Temps de Lecture 3 min.

Le créateur de bandes dessinées Emmanuel Lepage, dans son atelier à Plourhan (Côtes-d’Armor), en septembre 2013.

La nouvelle a créé l’émoi dans le milieu de la bande dessinée. Choisi pour réaliser l’affiche fêtant les 30 ans du Centre belge de la bande dessinée (CBBD), musée consacré au 9e art et ouvert à Bruxelles en 1989, le dessinateur Emmanuel Lepage s’est vu interdire par les ayants droit d’Hergé d’utiliser la fusée au damier rouge et blanc, empruntée par Tintin dans les albums Objectif Lune et On a marché sur la Lune (Casterman).

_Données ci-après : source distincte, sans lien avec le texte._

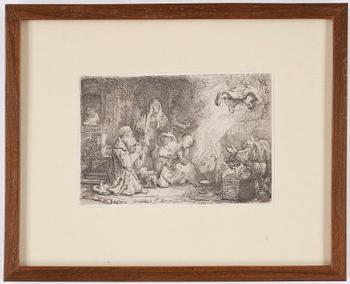 Rembrandt Harmensz van Rijn · REMBRANDT HARMENSZ. VAN RIJN. Etsning 1641, senare avdrag, troligen 1800-tal.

Réalisé avant l’été et rendu public le 27 août sur le compte Instagram d’Emmanuel Lepage, le dessin se voulait un hommage aux grandes figures de la bande dessinée. Hormis la fusée de Tintin, on y trouvait plusieurs références, comme le vaisseau spatial de Valérian et Laureline (Mézières et Christin), l’Espadon de Blake et Mortimer (Jacobs), la 2 CV rouge de Boule & Bill (Roba), le ptérodactyle d’Adèle Blanc-Sec (Tardi) ou le « ptéroïde » d’Arzach (Moebius).

Dès le lendemain de cette publication, le CBBD a pourtant reçu un courriel du service juridique de Moulinsart, la société chargée de l’exploitation commerciale de l’œuvre d’Hergé, lui intimant de retirer la célèbre fusée de l’affiche, sous peine de poursuites. Et la secrétaire générale du musée, Isabelle Debekker, de regretter :

« On a dû détruire tout ce qu’on avait imprimé et demander à l’auteur de modifier son dessin. Pourtant, il ne s’agissait pas d’une opération commerciale, on ne devait pas vendre l’affiche. C’est incompréhensible et désolant. »

Après l’incompréhension, une nouvelle affiche

Emmanuel Lepage dit ne pas comprendre non plus la position des ayants droit d’Hergé. « Les références et les emprunts font partie de l’histoire de l’art. Quand Marcel Duchamp met une moustache à Mona Lisa, c’est un hommage à Léonard de Vinci ! L’Olympia d’Edouard Manet, c’est un hommage à La Grande Odalisque d’Ingres ! Tintin fait partie de notre imaginaire collectif, il est normal de pouvoir y faire référence. Moulinsart dit vouloir préserver l’œuvre d’Hergé, mais ils vont finir par scléroser Tintin, par le minéraliser », estime le dessinateur, respecté dans le milieu et auteur de plusieurs albums remarqués, comme la série Muchacho (Dupuis) ou Les Voyages d’Ulysse (Daniel Maghen).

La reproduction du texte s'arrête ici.